For his belief in Genly's mission, the Prime Minister of Karhide, Estraven, is exiled. He enters neighbouring Orgoreyn to seek shelter, Genly's path leads there too, and it is unfortunately, the wrong one for Genly. The Orgota, playing a political game of sorts, imprison him, refusing to believe that he is an emissary from another world. Estraven rescues him from the work farm and they trek for months across the frozen landscape to Karhide.
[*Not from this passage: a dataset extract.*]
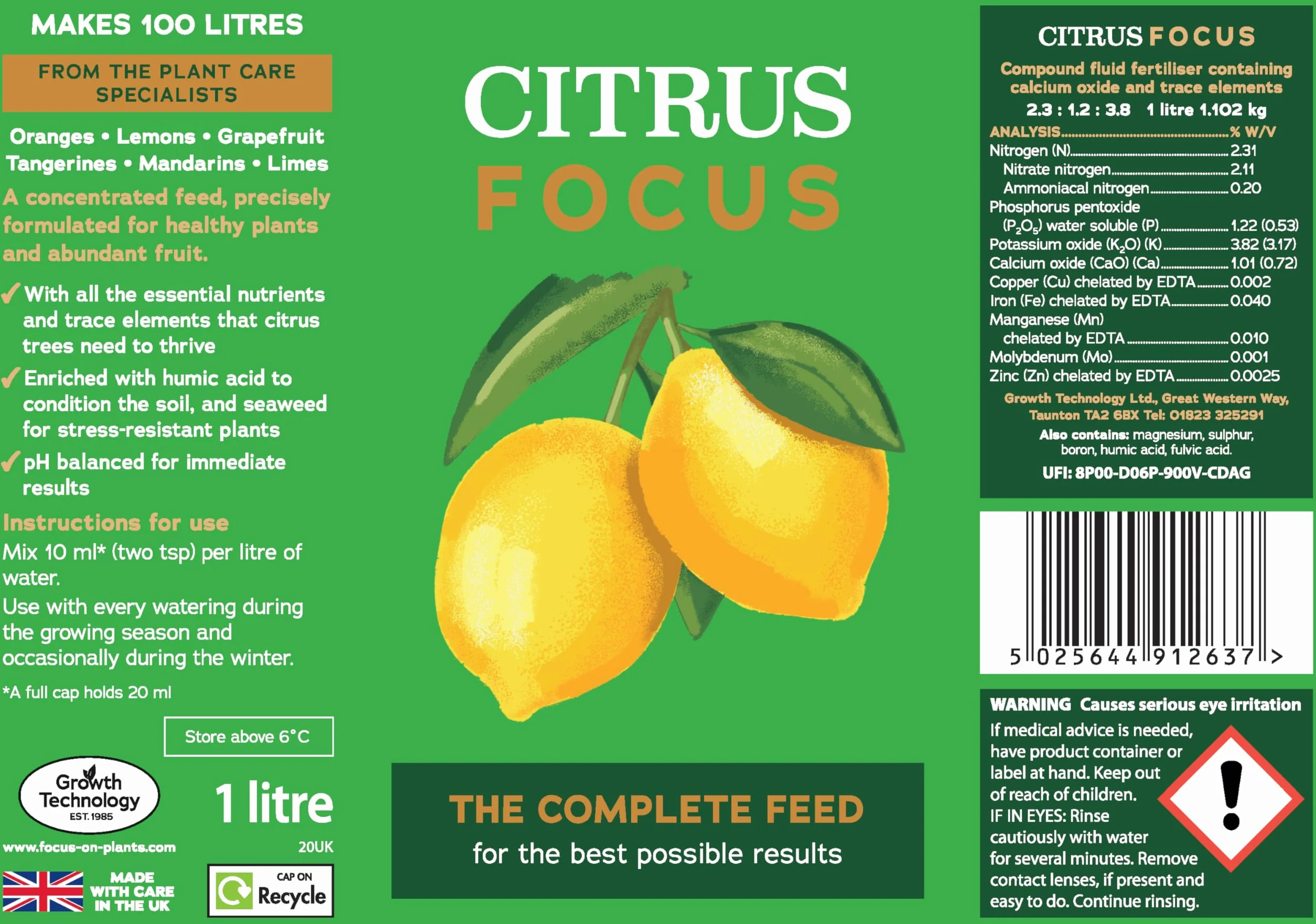 1 litre Citrus focus. The ultimate feed for all your citrus trees Oange, Lemon, Lime, Grapefruit by Growth Technology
The Left Hand of Darkness is a tale of an unexpected friendship. Yes it's about politics and gender issues but it's too cloudy and sleepy a day to start on all that. You can google 'left hand of darkness' and find out a whole lot more, I'm sure, if you're so inclined. I definitely enjoyed the book, although I have to also add that Le Guin's Earthsea series is among my all-time favourite books, so perhaps I went into this book expecting to like it. And I did. It was written from an anthropological view, an observation of the world so different from ours. I especially liked Ursula K Le Guin's introduction to the book, where she writes:

"In reading a novel, any novel, we have to know perfectly well that the whole thing is nonsense, and then, while reading, believe every word of it. Finally, when we're done with it, we may find - if it's a good novel - that we're a bit different from what we were before we read it, that we have been changed a little, as if by having met a new face, crossed a street we never crossed before. But it's very hard to say just what we learned, how we were changed."

PS: On Le Guin's website, she posts a rejection letter for her manuscript of The Left Hand of Darkness.